§ **What to work on**
Among the entries below, copy only the span from the line containing "review photo of" through the line containing "Preview for 252". Do so exactly, and skip the pictures.

§ **Data**

+++++

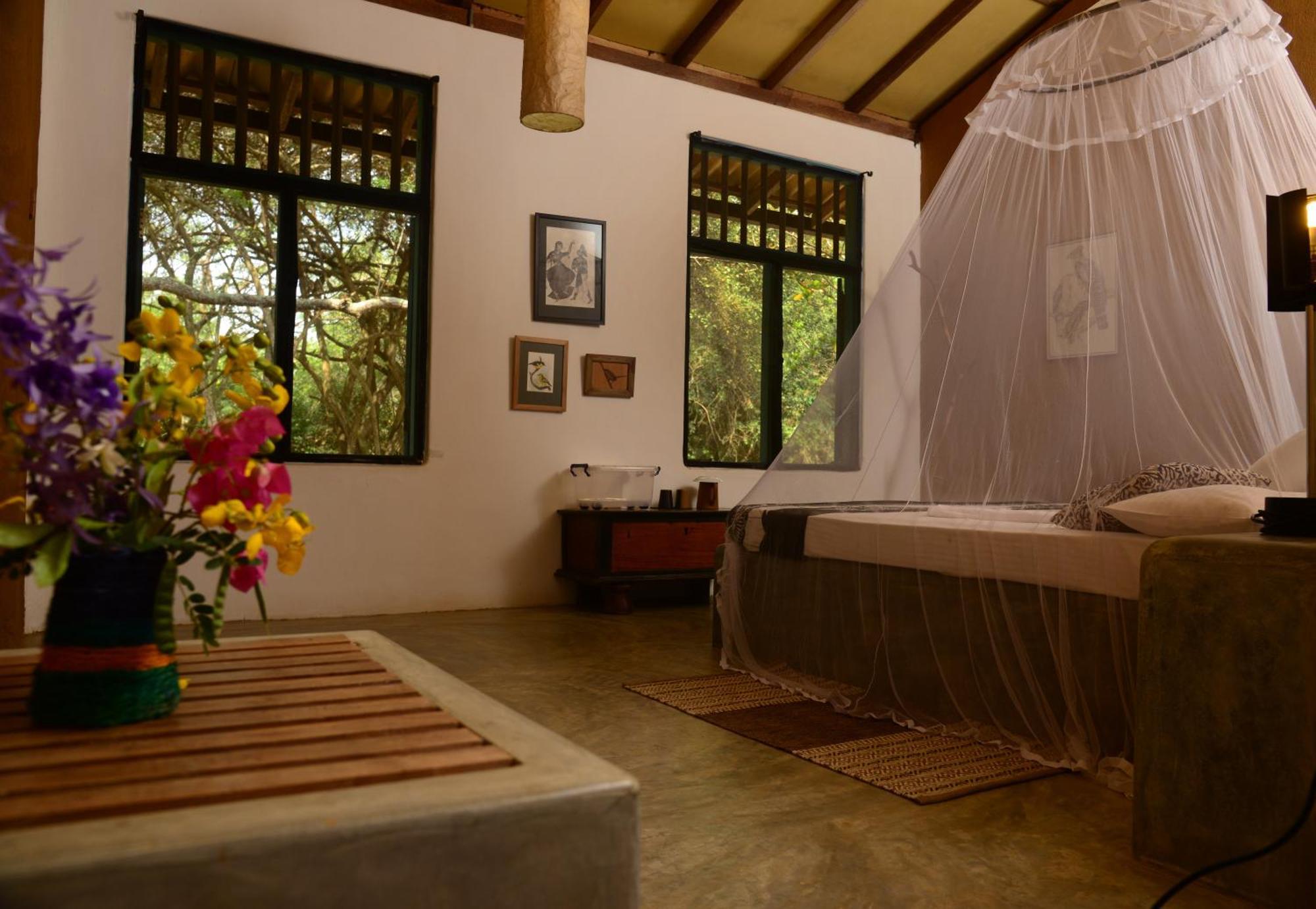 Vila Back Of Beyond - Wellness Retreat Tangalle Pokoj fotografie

+++++

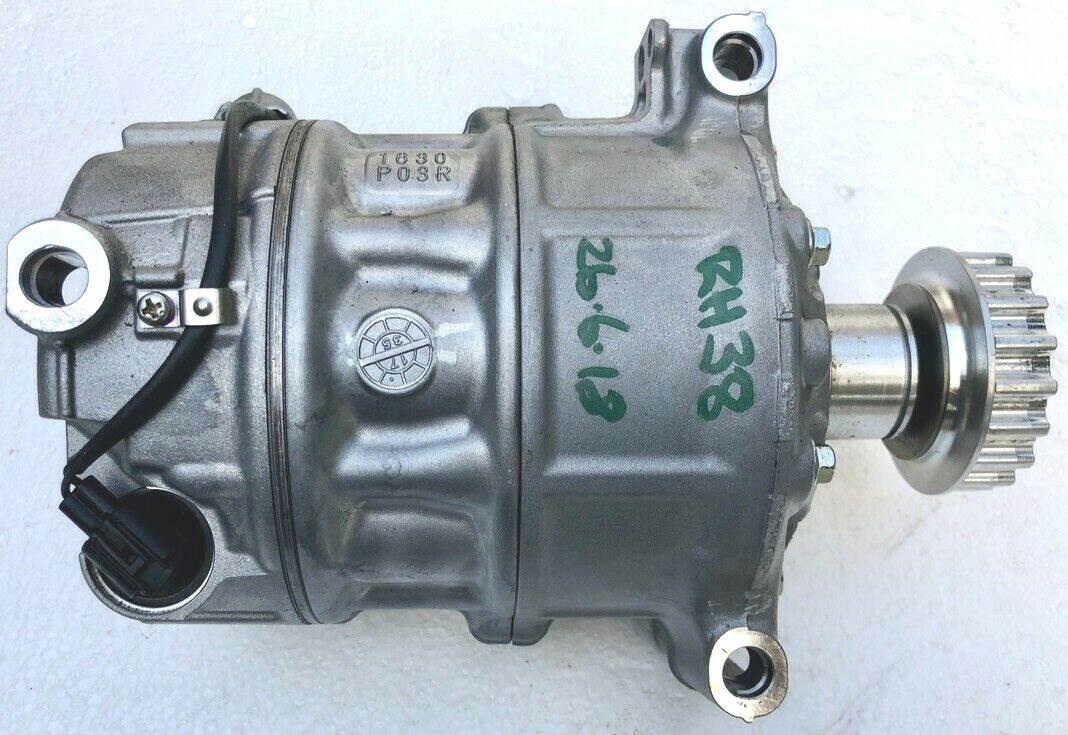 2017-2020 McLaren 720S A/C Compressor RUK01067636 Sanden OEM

+++++

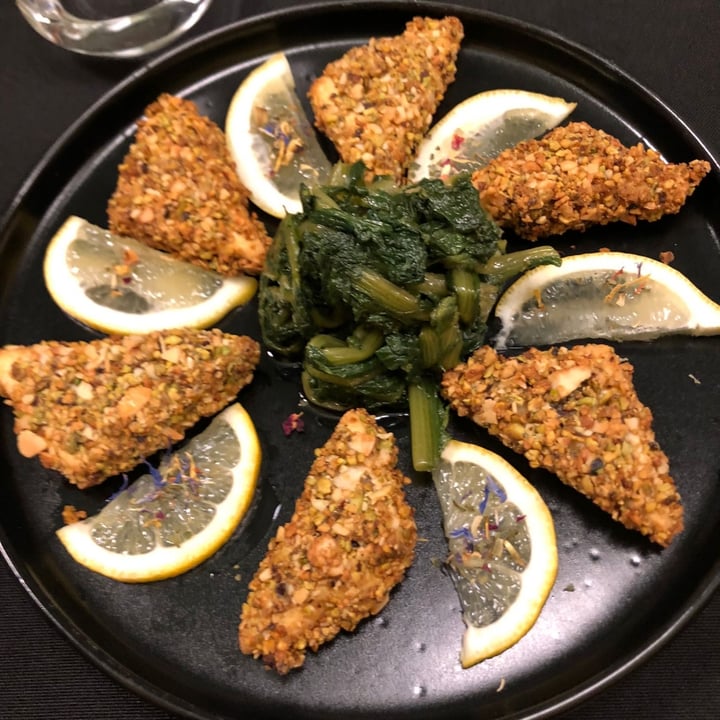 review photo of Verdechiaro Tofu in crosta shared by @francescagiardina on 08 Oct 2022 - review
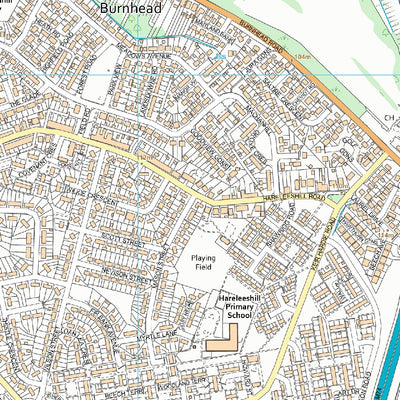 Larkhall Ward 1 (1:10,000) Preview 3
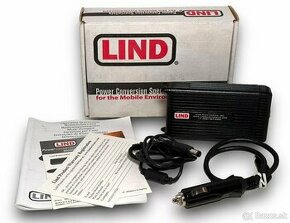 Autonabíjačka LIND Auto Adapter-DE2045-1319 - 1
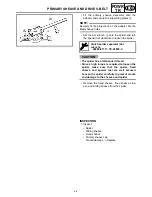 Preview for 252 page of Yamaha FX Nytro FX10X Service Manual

+++++

§ **Solution**
 review photo of Verdechiaro Tofu in crosta shared by @francescagiardina on 08 Oct 2022 - review
 Larkhall Ward 1 (1:10,000) Preview 3
 Autonabíjačka LIND Auto Adapter-DE2045-1319 - 1
 Preview for 252 page of Yamaha FX Nytro FX10X Service Manual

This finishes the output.